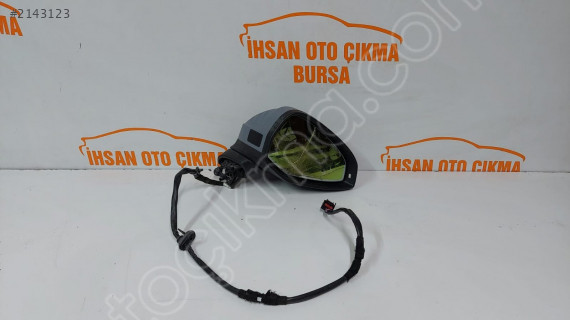 Audi A4 sağ Ayna elektrikli katlanır  041409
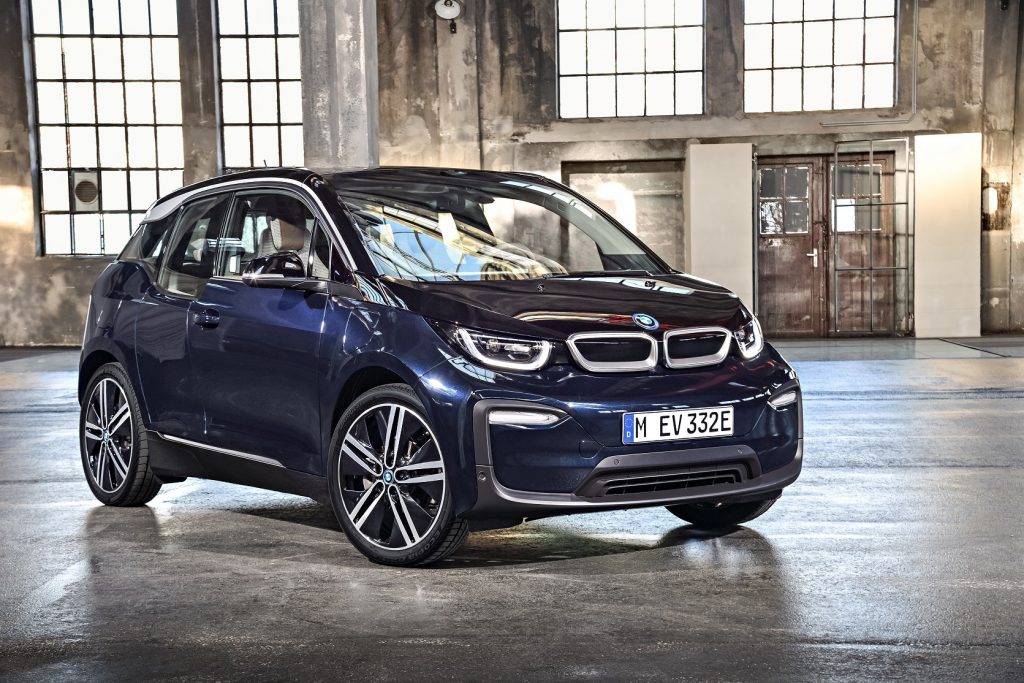 BMW i3がLCI！新車登録から8年/走行距離100,000km以内のバッテリー保証は嬉しいですね♪残念ながらスポーツモデル「i3s」は導入なし＞＜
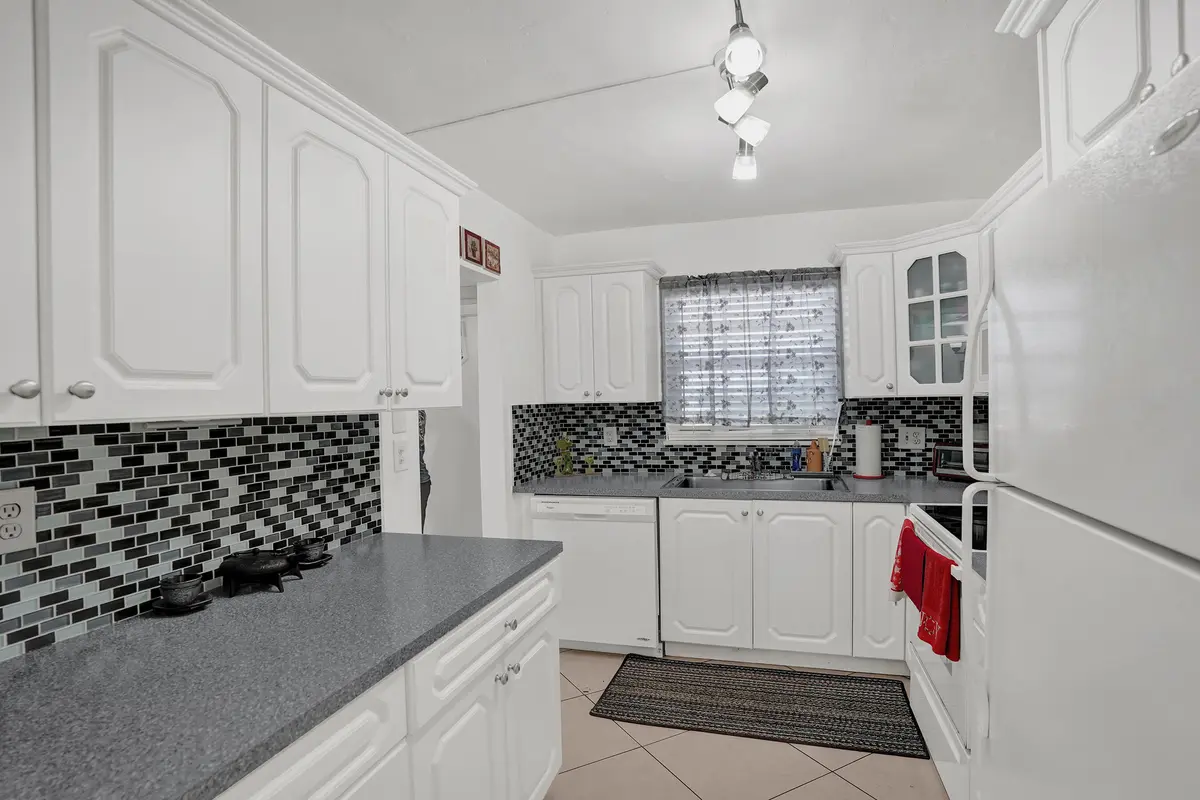 7980 N FRENCH Drive 3-202, Pembroke Pines, FL – photo 8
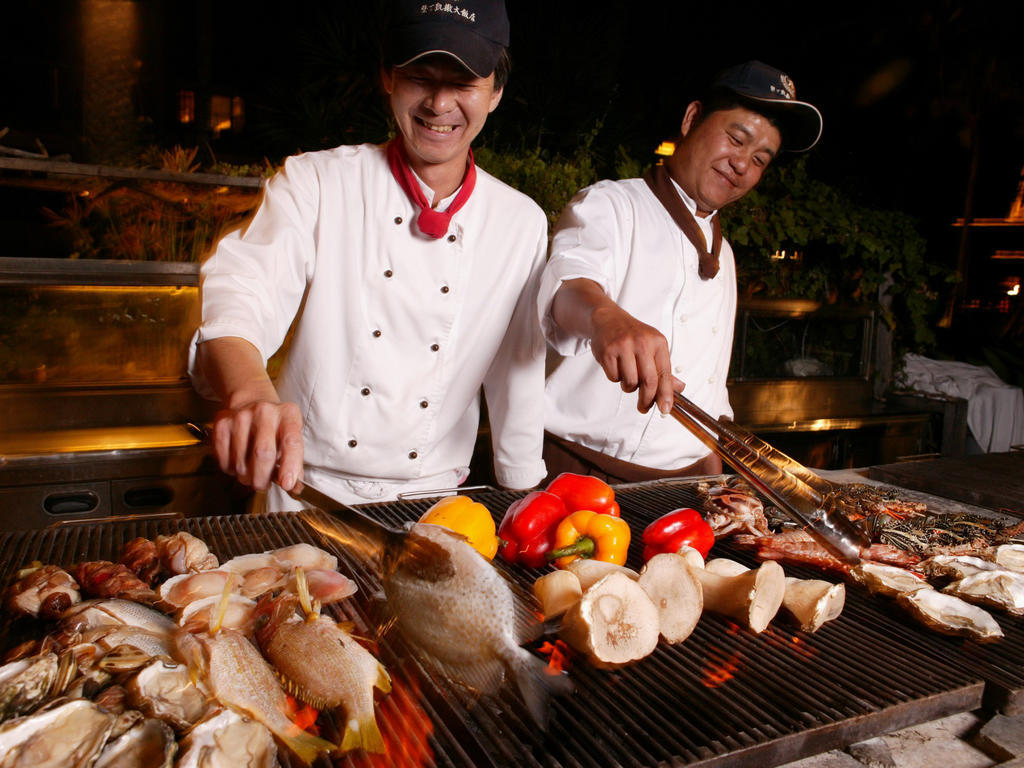 Caesar Park Hotel Kenting Exterior photo A barbecue in Thailand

How to complete this task: Except for the pictures, give the data again word for word.

Answer box:
 Audi A4 sağ Ayna elektrikli katlanır  041409
 BMW i3がLCI！新車登録から8年/走行距離100,000km以内のバッテリー保証は嬉しいですね♪残念ながらスポーツモデル「i3s」は導入なし＞＜
 7980 N FRENCH Drive 3-202, Pembroke Pines, FL – photo 8
 Caesar Park Hotel Kenting Exterior photo A barbecue in Thailand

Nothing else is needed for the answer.